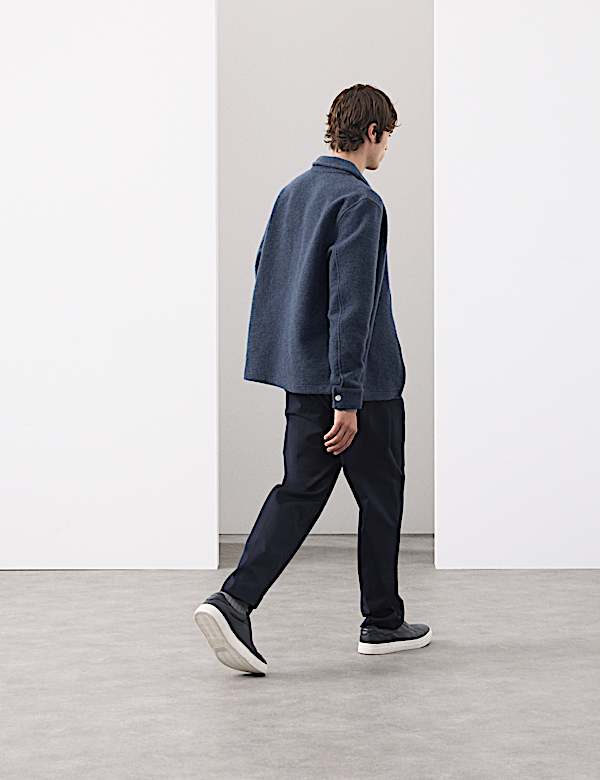 Wool Blend Zip up Fleece Jacket - MX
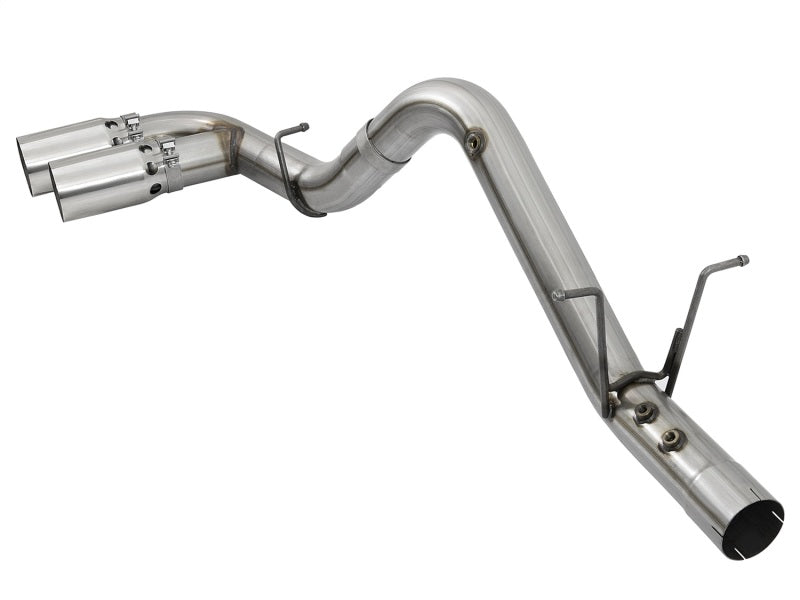 aFe Victory Series 4in 409-SS DPF-Back Exhaust w/ Dual Polished Tips 2017 GM Duramax V8-6.6L(td) L5P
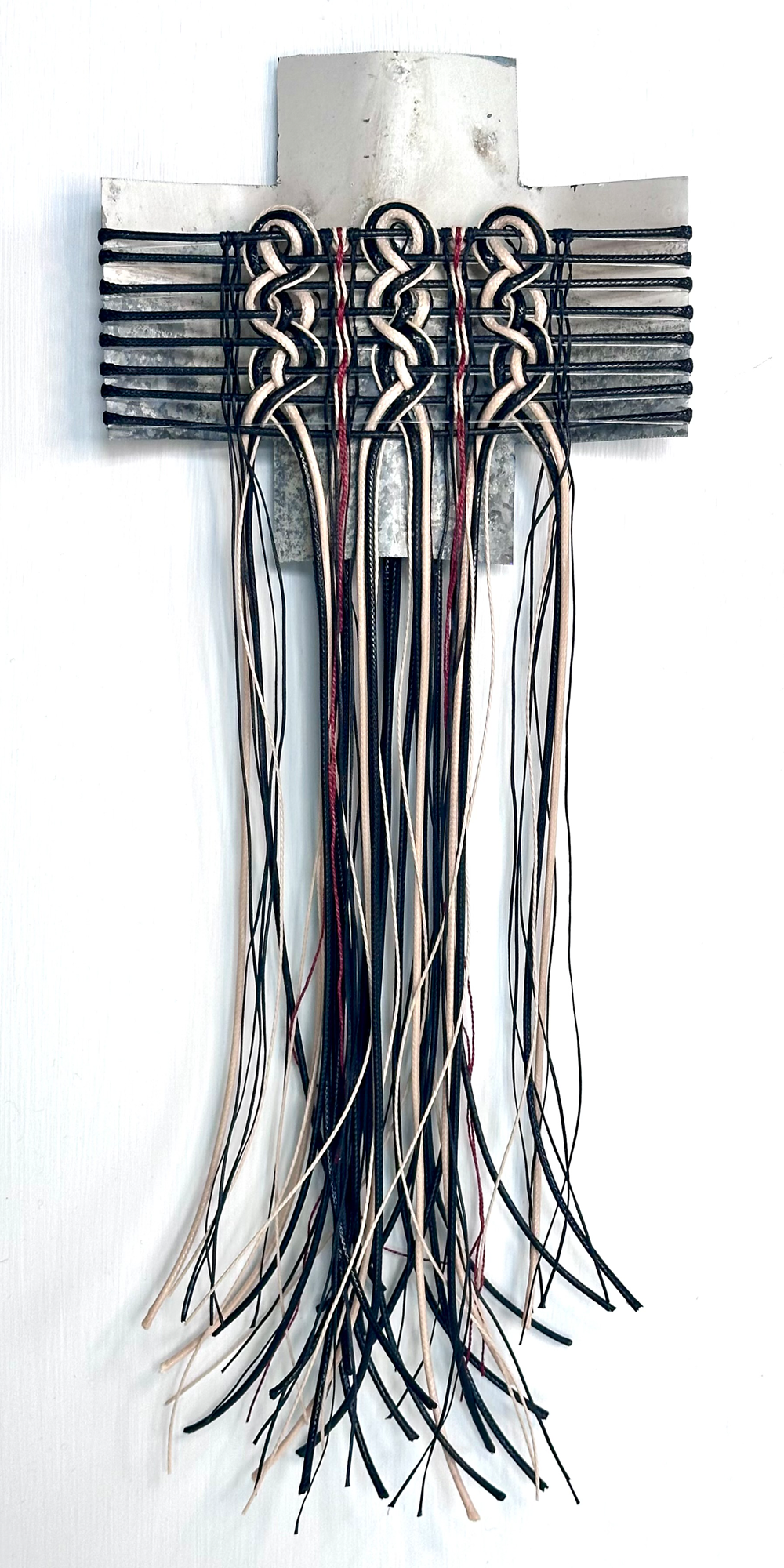 Tamaki Cloak | Gilly Sheffield | Corrugated Rescued Iron | Sculpture | Neighbourhood 2026 Exhibition | Turua Gallery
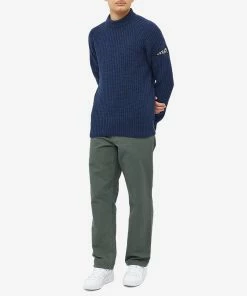 By Parra Mirrored Flag Ribbed Crew Knit -Outlet Sweaters Store 24 11 2022 SI 48431 BLE m9 1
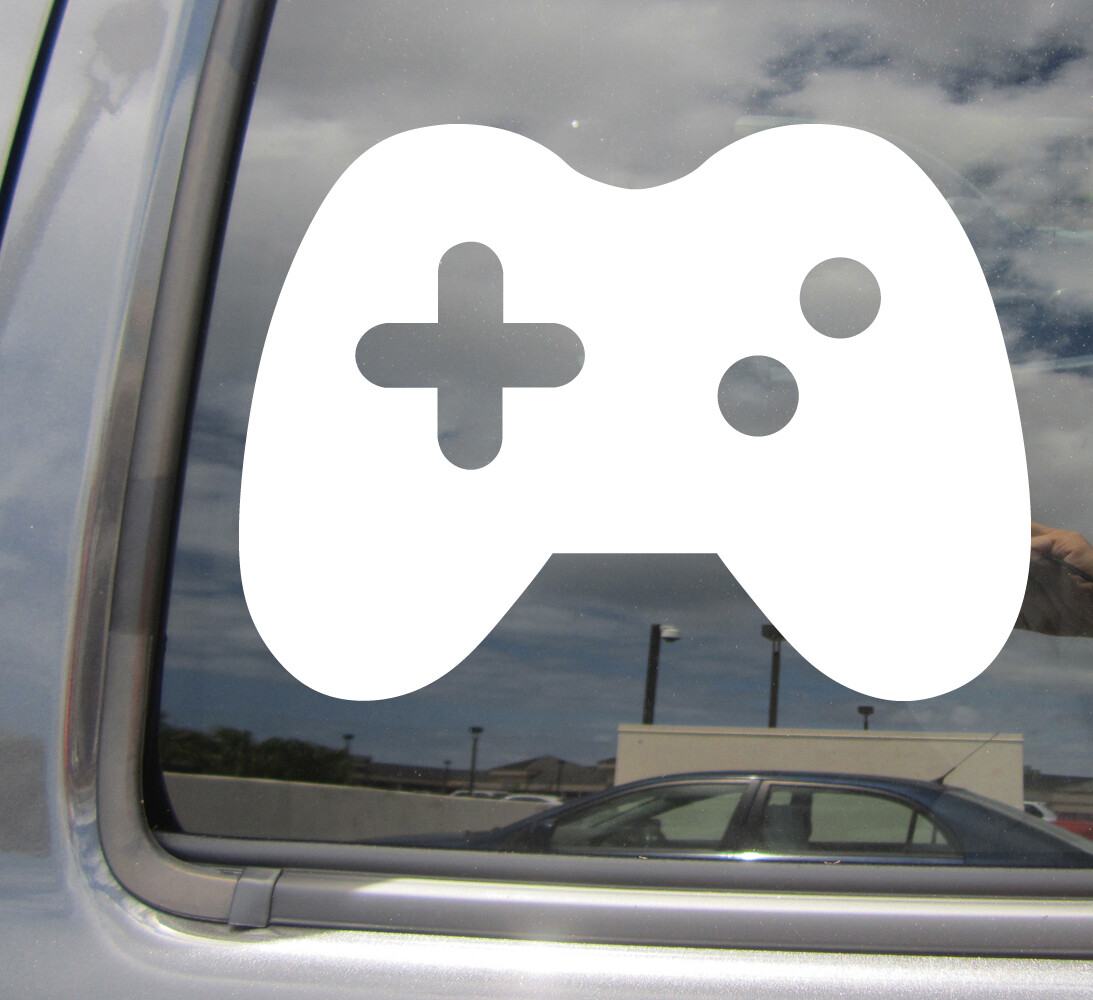 Classic Game Controller – Retro Gaming Car Auto Window Vinyl Decal Sticker 06004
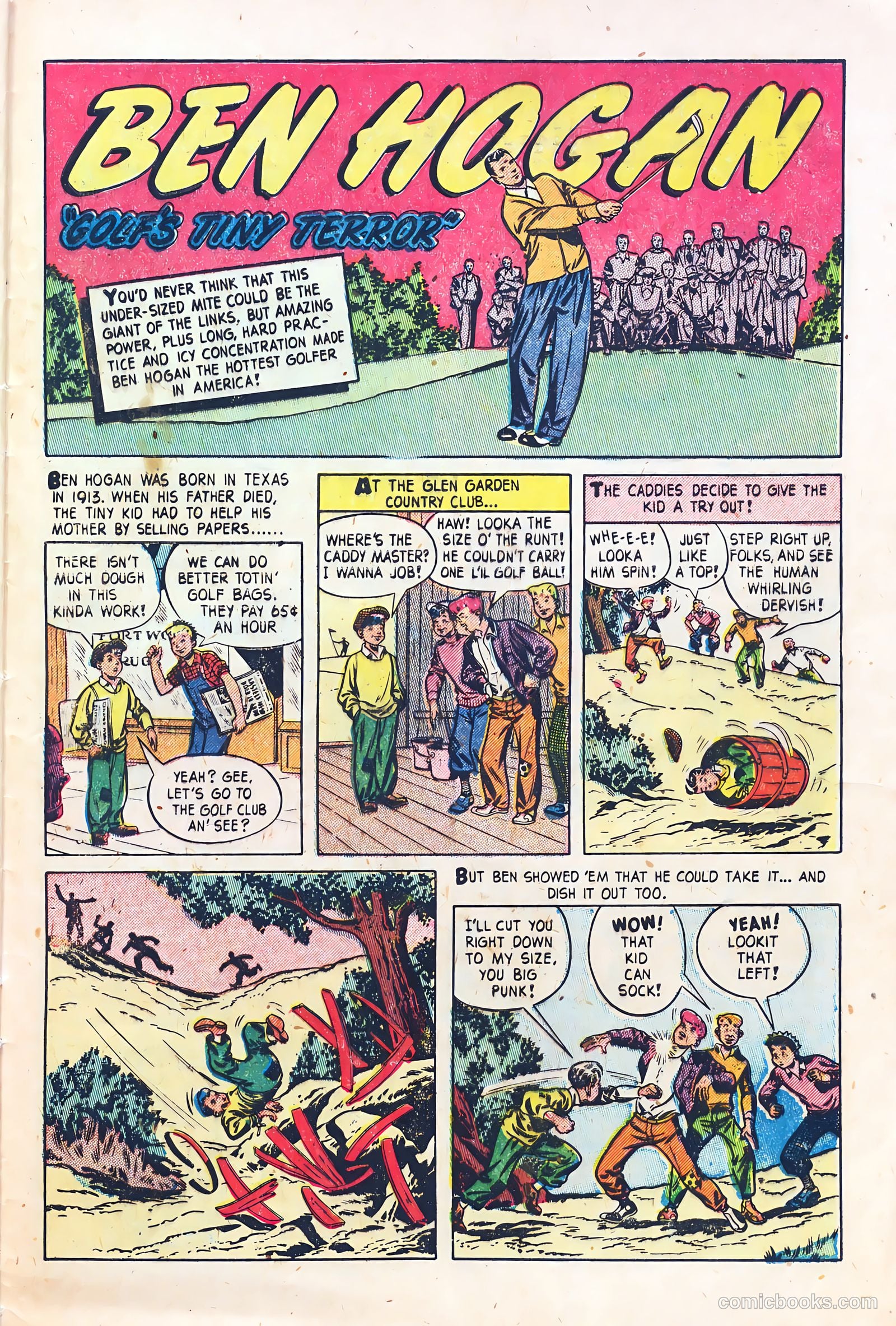 Babe Ruth Sports Comics #3 (1949) — page 28 of 36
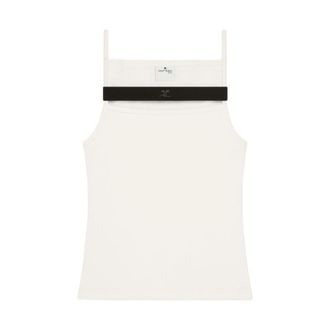 Courr&egrave;ges Sleeveless Tops - Dames - Tops zonder mouwen - Wit - L - Tops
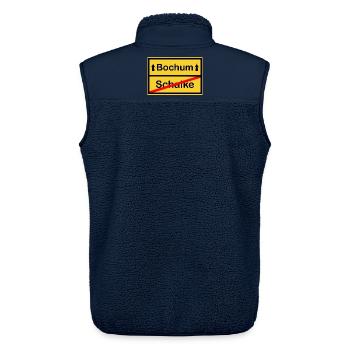 Bochum Aufstieg - Unisex Sherpaweste von Stanley/Stella - Navy - Hinten - AI Model Male 178 light (178cm)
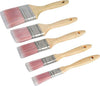 Kit-5-Pennelli-Pennello-Setola-Lunga-X-Pittura-E-Smalto-Pittore-Bricolage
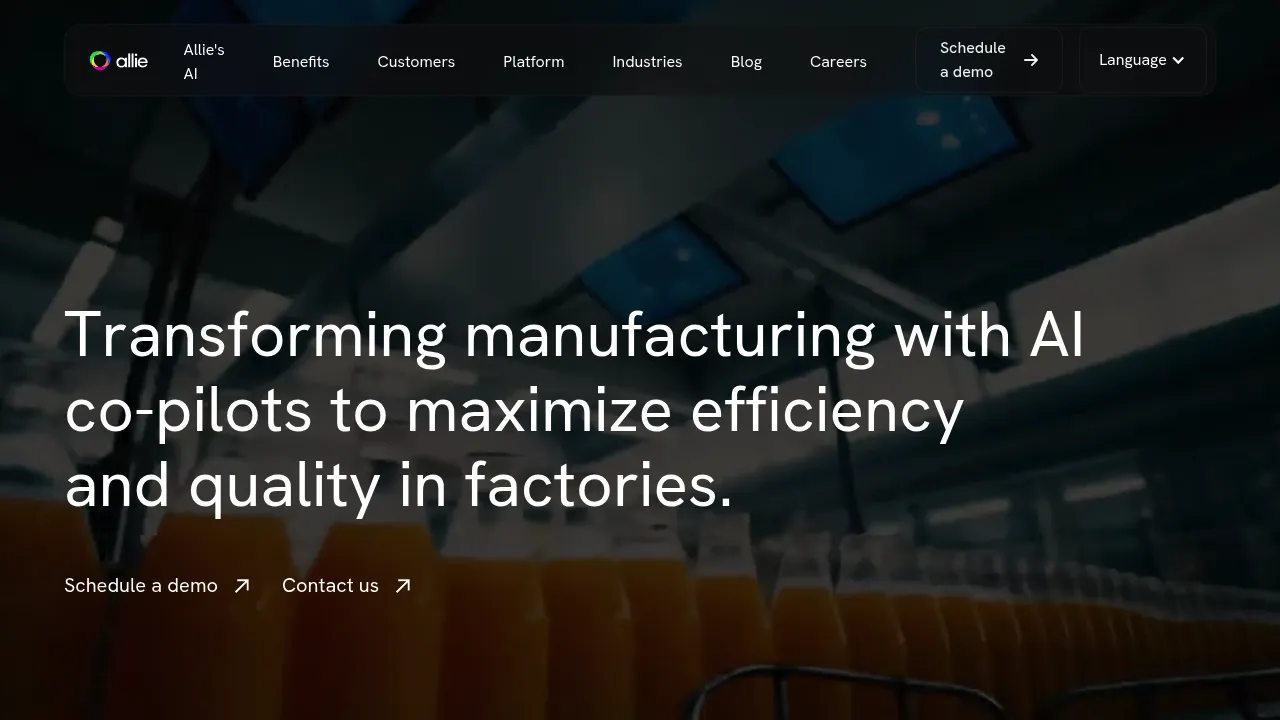 Allie - AI for Manufacturing screenshot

*Exercise directions*
If a picture sits between the line containing "By Parra Mirrored" and the line containing "Bochum Aufstieg - Unisex", leave it out, and return the lines of that range above exactly, both ends included.

*Answer box*
 By Parra Mirrored Flag Ribbed Crew Knit -Outlet Sweaters Store 24 11 2022 SI 48431 BLE m9 1
 Classic Game Controller – Retro Gaming Car Auto Window Vinyl Decal Sticker 06004
 Babe Ruth Sports Comics #3 (1949) — page 28 of 36
 Courr&egrave;ges Sleeveless Tops - Dames - Tops zonder mouwen - Wit - L - Tops
 Bochum Aufstieg - Unisex Sherpaweste von Stanley/Stella - Navy - Hinten - AI Model Male 178 light (178cm)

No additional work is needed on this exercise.